A softening of the brain can occur in a specific area or can be widespread. A hemorrhage or bleed into the brain can cause encephalomalacia, which is typically seen in a localized area where there is an abnormal collection of blood. Though rare, extensive softening of the brain can also be caused by degeneration or deterioration of the brain. This decline in brain tissue could be the result of a health condition or disease process.
Millard-Gubler syndrome, a rare circumstance of compromised physical wellbeing, is an example of this condition. This disorder of unknown origin results in a one-sided change in the consistency of the brain. This health condition is caused by an obstruction of blood flow to the pons.
The pons is a part of the brain located on the brain stem. It is composed of small paired trunk-like structures that form a bridge to connect the different areas of the brain. It also serves as a pathway for neurological or nerve signals to relay information to various areas of the body. The pons controls bodily functions such as bladder control, sleep, breathing and equilibrium. It also is responsible for controlling the sensations and movements of the face.
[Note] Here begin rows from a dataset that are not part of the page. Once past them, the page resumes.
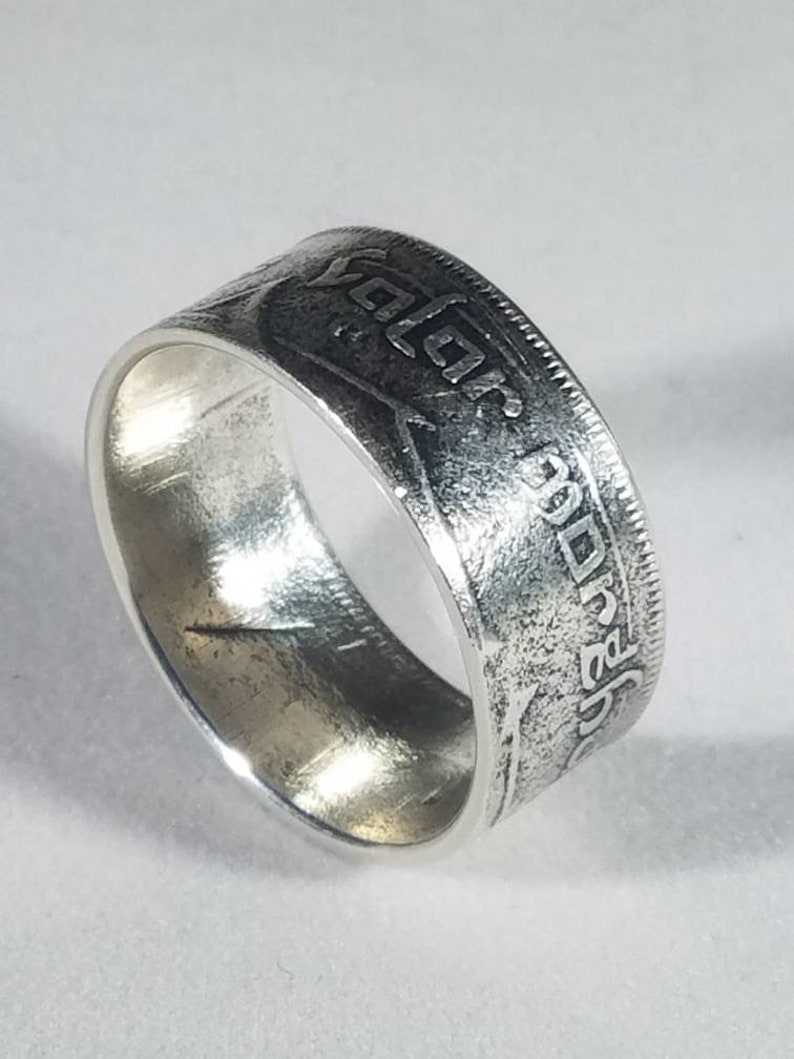 K&ouml;nnte beinhalten: Silberring aus einer wiederverwendeten M&uuml;nze. Der Ring tr&auml;gt die Inschrift "GOD SAVE THE QUEEN" und das Jahr "1967".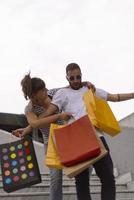 Portrait of cheerful Caucasian young couple man and woman holding many paper bags after shopping while walking and talking on street. Happy family couple with packages outdoor. Buying concept photo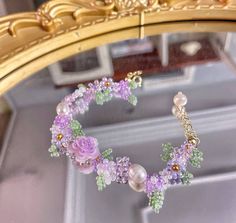 a close up of a necklace with flowers and pearls on it in front of a mirror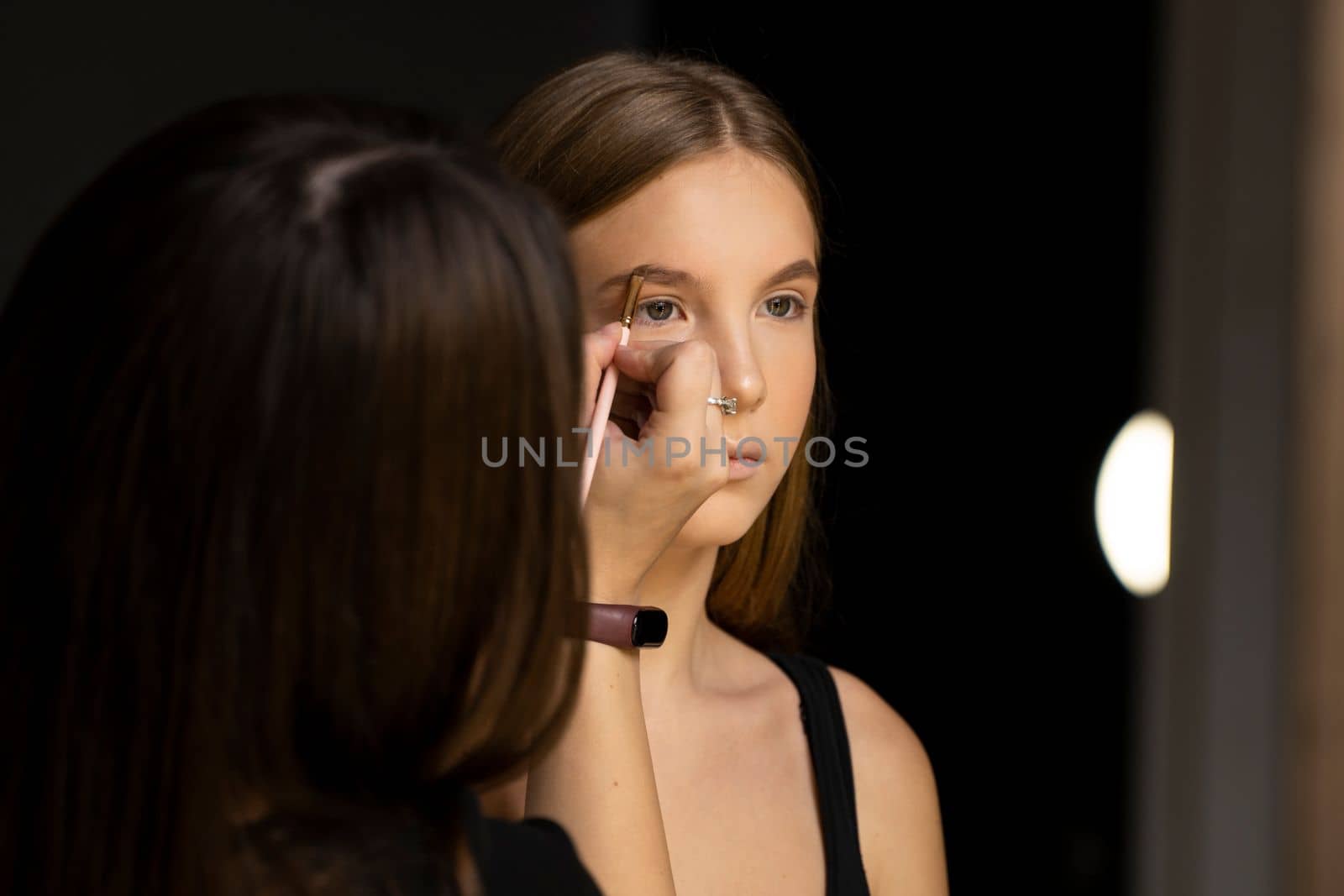 Close up makeup artist applies a make up on a model face. Beautiful woman with make-up face. Hand of visagiste, painting cosmetics of young beauty model girl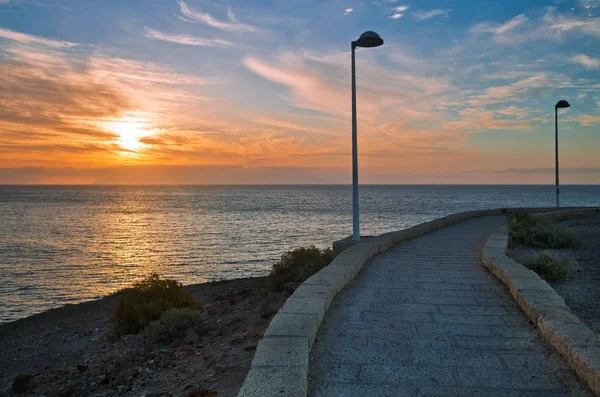 Stenen stoep langs de zee bij zonsondergang — Stockfoto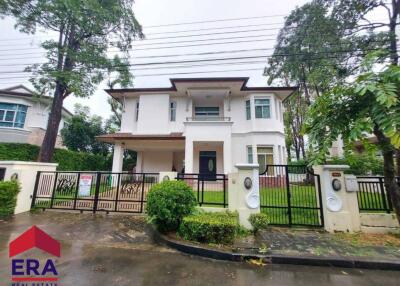 Beautiful two-story house with a gated garden and walkway, surrounded by greenery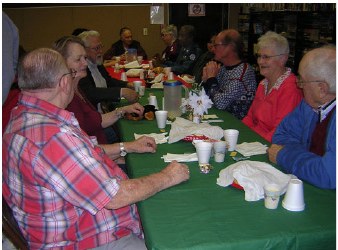 Members chatting over coffee at the green tables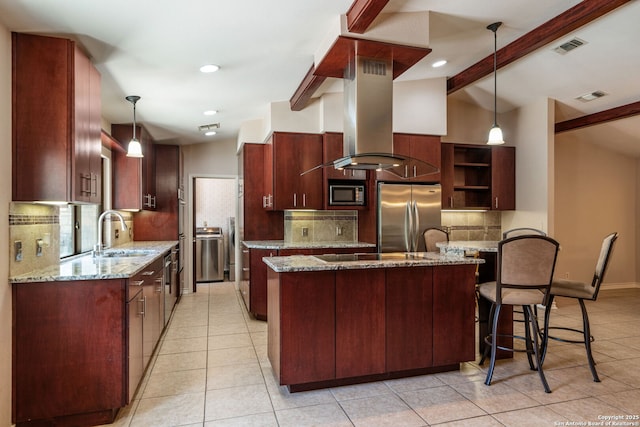 2102 Oak Wild St, San Antonio, TX 78232 - kitchen featuring freestanding refrigerator, built in microwave, a sink, island range hood, and a kitchen island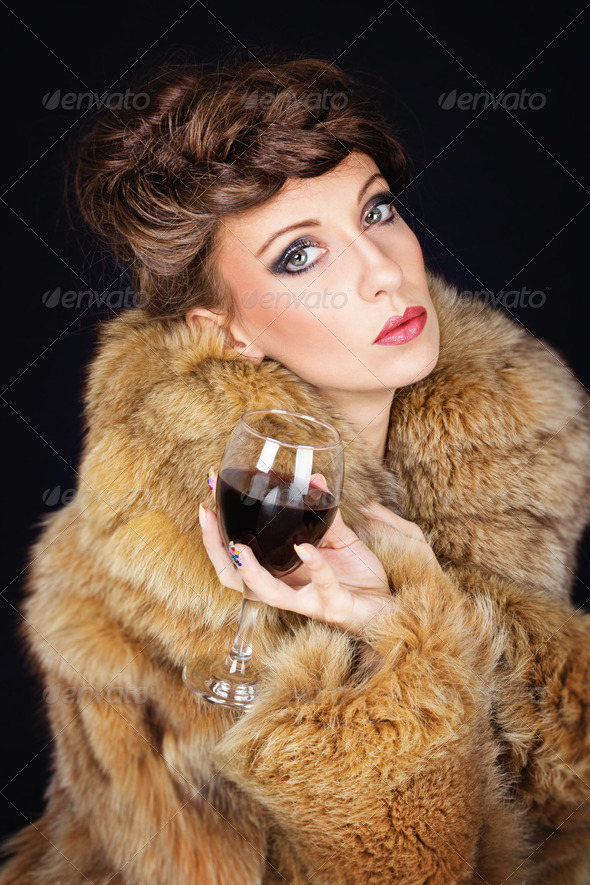 Elegant lady with red wine wearing brown fur coat - Stock Photo - Images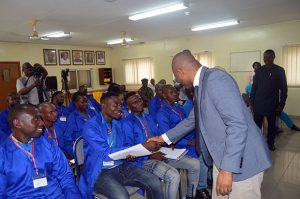 HYPREP Project Coordinator shaking hands with the participants.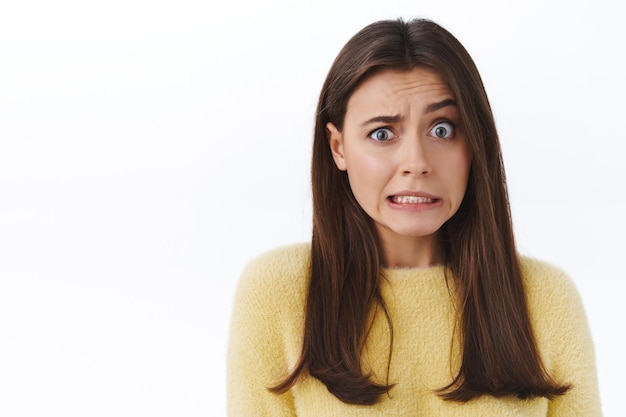 Awkward and embarrassed cute brunette girl feel concerned and anxious about something she did wrong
Since the pons is connected to several cranial nerves, brain softening due to Millard-Gubler syndrome and its related encephalomalacia is considered a neurological disorder. Problems may irritate the nerves of the face which in turn can affect the movement of the eyes and facial sensations or feelings. In extreme cases it may even bring about a condition called contralateral or crossed hemiplegia. This form of paralysis or inability to move affects the side opposite the encephalomalacia.
Treatment consists of finding and treating the underlying cause of the change in the brain mass or consistency. In severe cases removal of the softened brain material may be necessary. It is unclear whether the soft brain tissue can ever return to normal. It is also unclear if functional mobility or sensations impaired by changes of the brain consistency will return to normal once those areas are removed.